Macrophage-activating lipopeptide 2
- Names: IUPAC name S-[(2R)-2,3-bis[(1-oxohexadecyl)oxy]propyl]-L-cysteinylglycyl-L-asparaginyl-L-asparaginyl-L-α-aspartyl-L-α-glutamyl-L-seryl-L-asparaginyl-L-isoleucyl-L-seryl-L-phenylalanyl-L-lysyl-L-α-glutamyl-L-Lysine

Identifiers
- CAS Number: 250718-44-6;
- 3D model (JSmol): Interactive image;
- Abbreviations: XGNNDESNISFKEK
- ChemSpider: 81367986;
- PubChem CID: 134687197;
- UNII: DZX5IUA94D;

Properties
- Chemical formula: C_{99}H_{167}N_{19}O_{30}S
- Molar mass: 2135.59 g·mol^{−1}

= Macrophage-activating lipopeptide 2 =

Lipopeptide Toll-like receptor 2 and 6 agonist

Macrophage-activating lipopeptide 2 (MALP-2) is a lipopeptide Toll-like receptor (TLR)-2 and 6 agonist.

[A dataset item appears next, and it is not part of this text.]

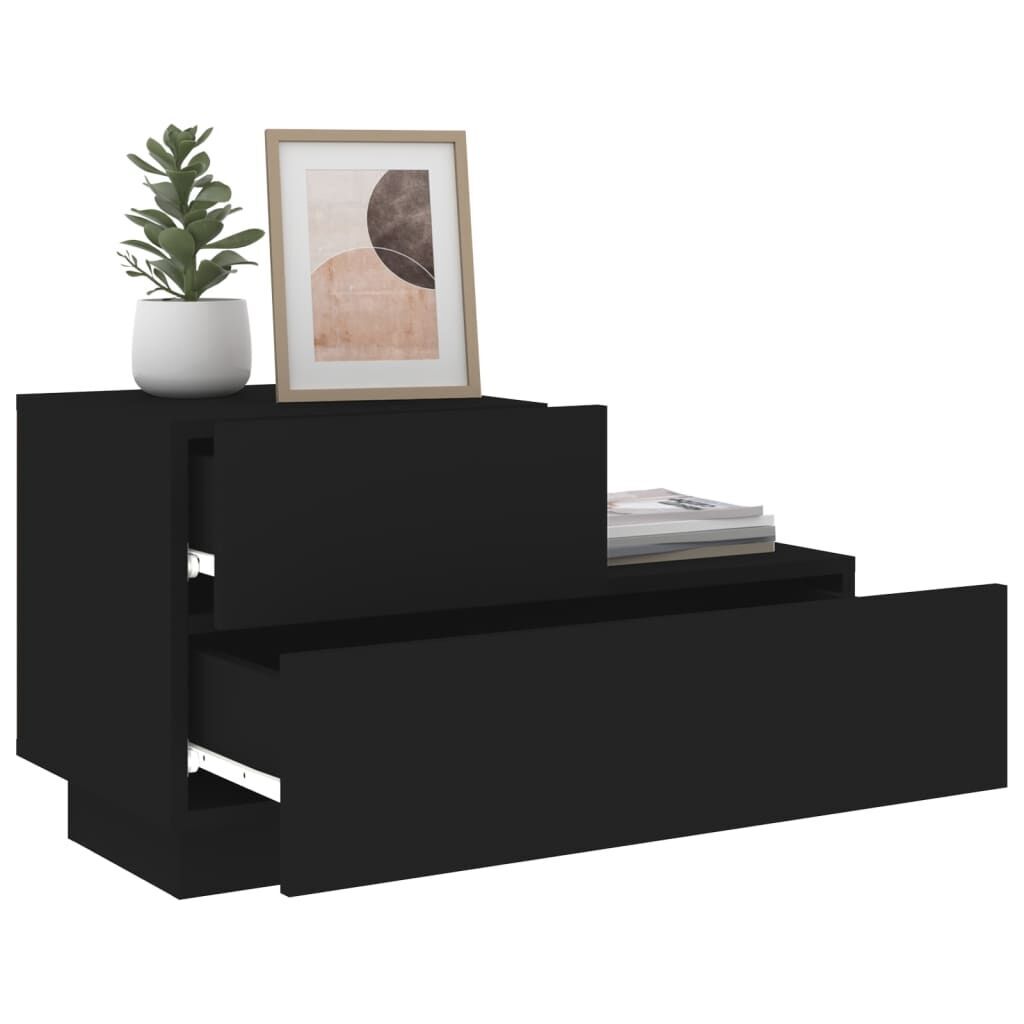 Bedside Cabinet with LED Lights Black 70x36x40.5 cm Price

It is used in immunological research to simulate Mycoplasma bacterial infections and activate immune cells. MALP-2 holds promise as a novel vaccine adjuvant due to its activation of TLRs. It also promotes vascular, bone, and wound healing.

== Structure ==

MALP-2 has the structure S-2,3-bis(palmityloxy)-(2R)-propyl-cysteinyl-GNNDESNISFKEK and is a post-translationally modified CGNNDESNISFKEK peptide in which in the N-terminus cysteine residue sidechain is linked to a diacylglycerol moiety where the two acyl groups are both derived from palmitic acid.

== Discovery ==
MALP-2 was initially named mycoplasma-derived high-molecular-weight material (MDHM) and, as the name suggests, had originally been isolated from Mycoplasma fermentans as an amphiphilic molecule with macropage-activating properties. This discovery helped explain how Mycoplasma bacteria can provoke immune responses despite lacking a cell wall.